Data excerpts: Begin
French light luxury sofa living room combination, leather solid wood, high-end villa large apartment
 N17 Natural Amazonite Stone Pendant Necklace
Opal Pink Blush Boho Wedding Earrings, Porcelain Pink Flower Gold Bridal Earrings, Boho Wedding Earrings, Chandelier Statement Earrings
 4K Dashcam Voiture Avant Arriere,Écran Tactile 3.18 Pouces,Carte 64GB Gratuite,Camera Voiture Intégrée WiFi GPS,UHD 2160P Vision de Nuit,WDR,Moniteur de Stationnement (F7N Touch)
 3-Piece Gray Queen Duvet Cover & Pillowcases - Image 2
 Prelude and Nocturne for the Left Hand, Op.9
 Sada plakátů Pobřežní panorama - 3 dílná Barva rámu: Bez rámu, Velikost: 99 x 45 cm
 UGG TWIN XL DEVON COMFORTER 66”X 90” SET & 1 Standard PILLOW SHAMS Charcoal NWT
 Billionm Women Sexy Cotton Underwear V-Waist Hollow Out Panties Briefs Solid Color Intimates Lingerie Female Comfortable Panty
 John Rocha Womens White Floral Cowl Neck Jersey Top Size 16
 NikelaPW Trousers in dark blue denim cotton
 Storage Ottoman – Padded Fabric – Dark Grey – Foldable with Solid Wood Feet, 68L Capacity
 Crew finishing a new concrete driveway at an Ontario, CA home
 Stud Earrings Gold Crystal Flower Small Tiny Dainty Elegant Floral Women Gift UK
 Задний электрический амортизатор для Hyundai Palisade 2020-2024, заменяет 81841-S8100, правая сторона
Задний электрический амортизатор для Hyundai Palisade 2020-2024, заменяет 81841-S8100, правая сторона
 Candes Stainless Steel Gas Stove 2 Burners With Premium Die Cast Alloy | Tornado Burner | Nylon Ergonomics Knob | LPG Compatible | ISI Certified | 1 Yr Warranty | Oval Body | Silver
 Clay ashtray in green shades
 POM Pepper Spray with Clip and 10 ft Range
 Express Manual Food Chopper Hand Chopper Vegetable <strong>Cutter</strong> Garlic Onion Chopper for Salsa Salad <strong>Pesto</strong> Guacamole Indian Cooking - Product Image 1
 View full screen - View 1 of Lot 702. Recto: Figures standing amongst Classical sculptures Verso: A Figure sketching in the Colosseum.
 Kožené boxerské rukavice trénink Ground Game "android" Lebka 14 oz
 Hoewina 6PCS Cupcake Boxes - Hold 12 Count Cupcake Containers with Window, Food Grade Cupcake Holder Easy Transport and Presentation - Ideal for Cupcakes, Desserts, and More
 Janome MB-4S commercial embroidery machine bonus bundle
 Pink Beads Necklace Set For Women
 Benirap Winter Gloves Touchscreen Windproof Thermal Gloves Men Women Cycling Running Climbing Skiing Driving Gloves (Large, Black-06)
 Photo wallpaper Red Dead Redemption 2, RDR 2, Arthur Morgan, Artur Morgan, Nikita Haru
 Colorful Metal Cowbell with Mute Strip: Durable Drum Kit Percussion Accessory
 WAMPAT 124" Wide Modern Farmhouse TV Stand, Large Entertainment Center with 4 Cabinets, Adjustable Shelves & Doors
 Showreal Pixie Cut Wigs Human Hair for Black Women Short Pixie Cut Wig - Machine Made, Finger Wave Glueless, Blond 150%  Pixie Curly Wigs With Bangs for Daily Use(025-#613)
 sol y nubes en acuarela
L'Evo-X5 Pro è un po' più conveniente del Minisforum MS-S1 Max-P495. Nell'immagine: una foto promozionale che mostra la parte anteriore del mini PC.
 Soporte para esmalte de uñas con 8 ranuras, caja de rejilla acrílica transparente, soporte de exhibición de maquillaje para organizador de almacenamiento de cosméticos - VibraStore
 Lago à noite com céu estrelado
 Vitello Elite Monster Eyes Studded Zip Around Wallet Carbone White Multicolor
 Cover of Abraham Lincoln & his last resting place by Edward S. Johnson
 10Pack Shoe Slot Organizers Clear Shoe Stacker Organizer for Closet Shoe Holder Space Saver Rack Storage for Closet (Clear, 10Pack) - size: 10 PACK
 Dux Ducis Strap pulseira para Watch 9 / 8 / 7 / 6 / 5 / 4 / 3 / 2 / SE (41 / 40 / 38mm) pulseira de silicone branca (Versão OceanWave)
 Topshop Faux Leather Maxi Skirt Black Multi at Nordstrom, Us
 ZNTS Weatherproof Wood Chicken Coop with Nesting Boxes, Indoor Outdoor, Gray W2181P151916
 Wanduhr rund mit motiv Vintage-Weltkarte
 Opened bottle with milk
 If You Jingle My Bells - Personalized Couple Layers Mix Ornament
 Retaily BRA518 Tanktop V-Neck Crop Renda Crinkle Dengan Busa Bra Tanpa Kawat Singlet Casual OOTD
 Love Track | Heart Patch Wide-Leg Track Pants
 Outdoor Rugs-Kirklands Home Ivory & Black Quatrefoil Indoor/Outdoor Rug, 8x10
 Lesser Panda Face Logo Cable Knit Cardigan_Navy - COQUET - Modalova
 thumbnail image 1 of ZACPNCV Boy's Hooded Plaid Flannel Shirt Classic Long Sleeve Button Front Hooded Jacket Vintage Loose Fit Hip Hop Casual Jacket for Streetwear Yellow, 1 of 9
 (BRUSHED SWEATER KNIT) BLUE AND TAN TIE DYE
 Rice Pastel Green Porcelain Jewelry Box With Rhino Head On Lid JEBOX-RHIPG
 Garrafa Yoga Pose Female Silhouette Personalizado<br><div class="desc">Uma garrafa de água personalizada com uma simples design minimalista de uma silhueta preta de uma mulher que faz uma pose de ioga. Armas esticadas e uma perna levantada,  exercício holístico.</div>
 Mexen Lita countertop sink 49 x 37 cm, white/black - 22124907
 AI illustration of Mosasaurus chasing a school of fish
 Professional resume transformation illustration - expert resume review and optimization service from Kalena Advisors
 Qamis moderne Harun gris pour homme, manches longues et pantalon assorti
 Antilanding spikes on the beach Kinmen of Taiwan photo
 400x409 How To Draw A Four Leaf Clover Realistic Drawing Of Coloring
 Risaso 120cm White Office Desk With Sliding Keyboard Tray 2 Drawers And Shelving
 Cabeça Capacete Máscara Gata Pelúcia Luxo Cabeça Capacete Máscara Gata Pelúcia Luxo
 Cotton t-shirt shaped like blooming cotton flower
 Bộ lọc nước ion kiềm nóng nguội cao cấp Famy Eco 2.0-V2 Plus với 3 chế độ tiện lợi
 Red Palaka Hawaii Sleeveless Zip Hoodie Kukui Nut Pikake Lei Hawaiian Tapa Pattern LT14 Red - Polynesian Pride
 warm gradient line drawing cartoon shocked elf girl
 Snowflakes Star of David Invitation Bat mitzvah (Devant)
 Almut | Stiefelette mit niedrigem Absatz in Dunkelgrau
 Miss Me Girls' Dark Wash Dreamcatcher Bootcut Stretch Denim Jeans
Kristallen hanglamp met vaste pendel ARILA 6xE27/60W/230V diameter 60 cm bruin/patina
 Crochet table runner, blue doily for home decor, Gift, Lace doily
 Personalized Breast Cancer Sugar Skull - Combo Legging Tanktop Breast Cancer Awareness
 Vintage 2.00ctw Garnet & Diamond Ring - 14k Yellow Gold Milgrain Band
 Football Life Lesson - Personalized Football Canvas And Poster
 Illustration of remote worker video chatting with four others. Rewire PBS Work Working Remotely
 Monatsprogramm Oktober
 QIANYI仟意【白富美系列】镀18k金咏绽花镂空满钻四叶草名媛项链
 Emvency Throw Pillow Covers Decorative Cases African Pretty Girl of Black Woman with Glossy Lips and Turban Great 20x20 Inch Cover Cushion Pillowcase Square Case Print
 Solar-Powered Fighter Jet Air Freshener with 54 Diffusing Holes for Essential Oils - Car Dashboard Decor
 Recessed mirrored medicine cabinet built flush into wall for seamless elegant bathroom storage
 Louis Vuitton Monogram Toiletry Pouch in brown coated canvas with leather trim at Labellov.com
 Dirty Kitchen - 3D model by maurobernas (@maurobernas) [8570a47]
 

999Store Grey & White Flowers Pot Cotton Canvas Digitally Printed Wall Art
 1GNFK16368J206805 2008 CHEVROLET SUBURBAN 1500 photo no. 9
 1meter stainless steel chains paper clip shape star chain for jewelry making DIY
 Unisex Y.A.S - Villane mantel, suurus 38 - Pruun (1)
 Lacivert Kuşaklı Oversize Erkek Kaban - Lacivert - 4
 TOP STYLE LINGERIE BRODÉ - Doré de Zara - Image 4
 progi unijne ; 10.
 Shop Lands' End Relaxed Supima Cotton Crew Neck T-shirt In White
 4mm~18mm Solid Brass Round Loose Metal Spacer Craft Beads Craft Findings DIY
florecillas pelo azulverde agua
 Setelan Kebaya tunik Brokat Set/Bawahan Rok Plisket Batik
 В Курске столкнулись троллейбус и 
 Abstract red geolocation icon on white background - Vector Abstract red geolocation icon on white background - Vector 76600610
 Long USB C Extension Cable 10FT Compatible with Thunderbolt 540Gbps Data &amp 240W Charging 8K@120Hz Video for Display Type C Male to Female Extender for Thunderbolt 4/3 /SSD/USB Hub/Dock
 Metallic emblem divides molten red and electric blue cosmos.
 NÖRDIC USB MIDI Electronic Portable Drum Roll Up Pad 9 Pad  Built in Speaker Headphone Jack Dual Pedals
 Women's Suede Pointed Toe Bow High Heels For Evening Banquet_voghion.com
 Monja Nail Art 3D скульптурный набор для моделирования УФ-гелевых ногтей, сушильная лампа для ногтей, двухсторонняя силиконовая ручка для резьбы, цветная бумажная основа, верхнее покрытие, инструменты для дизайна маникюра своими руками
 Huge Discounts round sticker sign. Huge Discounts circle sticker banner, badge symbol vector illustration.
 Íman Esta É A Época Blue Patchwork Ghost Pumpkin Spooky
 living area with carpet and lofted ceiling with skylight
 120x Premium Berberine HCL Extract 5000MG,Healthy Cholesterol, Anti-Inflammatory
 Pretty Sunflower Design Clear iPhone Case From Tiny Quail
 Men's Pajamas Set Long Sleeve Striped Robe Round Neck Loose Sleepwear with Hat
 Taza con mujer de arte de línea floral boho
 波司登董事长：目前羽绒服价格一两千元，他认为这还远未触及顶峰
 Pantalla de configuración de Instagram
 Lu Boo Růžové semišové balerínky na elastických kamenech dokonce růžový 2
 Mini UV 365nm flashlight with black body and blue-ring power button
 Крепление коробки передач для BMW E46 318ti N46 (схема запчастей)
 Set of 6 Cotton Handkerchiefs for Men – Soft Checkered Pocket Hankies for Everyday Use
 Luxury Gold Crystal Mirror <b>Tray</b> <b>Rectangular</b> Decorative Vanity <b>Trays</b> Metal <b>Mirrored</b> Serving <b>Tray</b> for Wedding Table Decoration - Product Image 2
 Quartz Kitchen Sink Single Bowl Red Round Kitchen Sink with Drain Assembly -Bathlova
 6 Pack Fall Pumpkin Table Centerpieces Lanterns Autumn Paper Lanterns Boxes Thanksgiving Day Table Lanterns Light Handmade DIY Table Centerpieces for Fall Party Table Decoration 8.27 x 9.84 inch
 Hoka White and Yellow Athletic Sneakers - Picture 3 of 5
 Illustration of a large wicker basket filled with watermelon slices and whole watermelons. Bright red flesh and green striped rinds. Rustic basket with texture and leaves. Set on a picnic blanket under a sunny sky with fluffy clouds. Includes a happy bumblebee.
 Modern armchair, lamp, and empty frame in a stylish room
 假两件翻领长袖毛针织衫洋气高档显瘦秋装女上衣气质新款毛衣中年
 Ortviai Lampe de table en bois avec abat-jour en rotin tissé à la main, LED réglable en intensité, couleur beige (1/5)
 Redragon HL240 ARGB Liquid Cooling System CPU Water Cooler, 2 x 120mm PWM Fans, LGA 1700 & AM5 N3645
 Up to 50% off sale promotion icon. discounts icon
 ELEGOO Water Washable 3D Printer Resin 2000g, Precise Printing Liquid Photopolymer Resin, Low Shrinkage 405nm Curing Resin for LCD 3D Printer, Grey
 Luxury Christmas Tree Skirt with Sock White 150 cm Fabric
Data excerpts: End
--- What is being asked ---
Looking at the entries above, can you reproduce exactly the lines from the one that holds "Cabeça Capacete Máscara Gata Pelúcia Luxo Cabeça" through the one that holds "Snowflakes Star of", and only those?

--- Answer area ---
 Cabeça Capacete Máscara Gata Pelúcia Luxo Cabeça Capacete Máscara Gata Pelúcia Luxo
 Cotton t-shirt shaped like blooming cotton flower
 Bộ lọc nước ion kiềm nóng nguội cao cấp Famy Eco 2.0-V2 Plus với 3 chế độ tiện lợi
 Red Palaka Hawaii Sleeveless Zip Hoodie Kukui Nut Pikake Lei Hawaiian Tapa Pattern LT14 Red - Polynesian Pride
 warm gradient line drawing cartoon shocked elf girl
 Snowflakes Star of David Invitation Bat mitzvah (Devant)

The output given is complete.